Une quête intime et universelle

À la genèse de cet ouvrage, il y a un court billet de l’écrivain Ivan Turgueniev. Il évoque l’influence bienfaisante sur l’âme de la poésie des grands arbres et des montagnes environnantes. Chez Jeanne Moll, ces quelques lignes vont surgir une question existentielle : Quand la question de l’âme a-t-elle commencé de me tarauder ?

Pour l’auteur, une quête commence. Elle nous entraîne dans les paysages de son enfance, entre éducation catholique et souvenirs d’amitiés perdues, pour mieux interroger ce qui vibre en nous face à la beauté, à la musique, à la douleur, à l’amour. L’âme, ici, n’est pas une abstraction : elle est ce souffle qui nous relie aux autres, ce miroir dans lequel se reflète notre humanité.

À travers une écriture délicate et habitée, Jeanne Moll tisse les fils d’une réflexion nourrie par la psychanalyse, la littérature, la spiritualité et l’expérience personnelle. Elle convoque les voix de François Cheng, Christian Bobin, Marina Tsvetaeva, Freud ou encore Svetlana Alexievitch pour éclairer les zones d’ombre de notre intériorité. Chaque citation, chaque anecdote devient une pierre sur le chemin, une balise dans la nuit.

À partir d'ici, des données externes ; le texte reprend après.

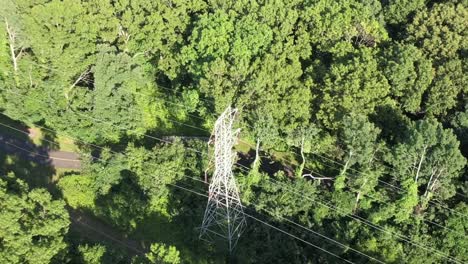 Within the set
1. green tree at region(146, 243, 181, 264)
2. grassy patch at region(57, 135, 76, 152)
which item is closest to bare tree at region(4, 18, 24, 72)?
grassy patch at region(57, 135, 76, 152)

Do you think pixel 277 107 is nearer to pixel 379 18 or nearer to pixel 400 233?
pixel 400 233

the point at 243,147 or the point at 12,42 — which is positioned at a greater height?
the point at 12,42

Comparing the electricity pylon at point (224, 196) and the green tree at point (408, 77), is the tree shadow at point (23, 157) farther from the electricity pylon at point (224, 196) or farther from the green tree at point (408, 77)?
the green tree at point (408, 77)

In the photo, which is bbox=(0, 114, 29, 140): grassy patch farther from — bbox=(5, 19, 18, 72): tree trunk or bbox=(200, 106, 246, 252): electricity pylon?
bbox=(200, 106, 246, 252): electricity pylon

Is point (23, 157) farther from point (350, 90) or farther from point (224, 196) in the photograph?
point (350, 90)

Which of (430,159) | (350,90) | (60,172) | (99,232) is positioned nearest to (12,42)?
(60,172)

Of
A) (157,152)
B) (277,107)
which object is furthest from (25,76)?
(277,107) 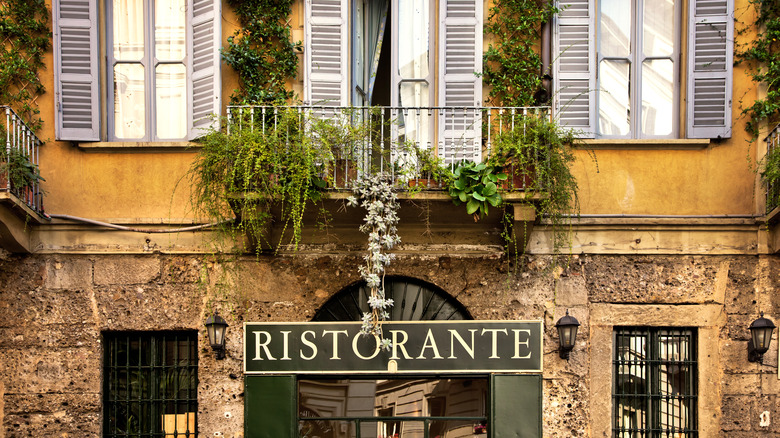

Le livre explore les multiples visages de l’âme : celle des enfants en peine, des exilés, des artistes, des soldats brisés, des maisons habitées, des villes meurtries, des peuples déracinés. L’âme devient alors le fil rouge d’une humanité blessée mais résistante, capable de beauté et de fraternité même dans les pires ténèbres. On y croise Théo, rescapé d’un camp, en quête de sa part perdue ; on entend les mots d’un père cambodgien craignant de perdre son âme dans la vapeur d’un hiver français ; on découvre les maisons Athos, créées pour soigner l’âme des soldats.

Mais Cheminer vers l’âme est aussi un manifeste contre l’effacement de l’intériorité dans nos sociétés modernes. Jeanne Moll dénonce avec finesse la domination du corps, du paraître, du consumérisme, et plaide pour une réhabilitation de l’âme comme lieu de résistance, de lien, de verticalité. Elle nous rappelle que l’âme est ce qui nous rend vivants, ce qui nous relie à la beauté du monde, à la mémoire des ancêtres, à la voix des poètes.

Ce livre est un appel à ralentir, à écouter, à ressentir. Il nous parle de transmission, de mémoire, de spiritualité laïque, de pédagogie du cœur. Il touche à l’universel en partant de l’intime. Il nous invite à retrouver ce lieu en nous où l’on peut encore rêver, aimer, espérer.

« À la fin, il reste l’âme », écrit François Cheng. Et c’est bien ce que ce livre nous murmure, page après page : que malgré les blessures, les exils, les silences, il existe en chacun de nous un sanctuaire inviolable, une lumière fragile mais tenace, une part de ciel.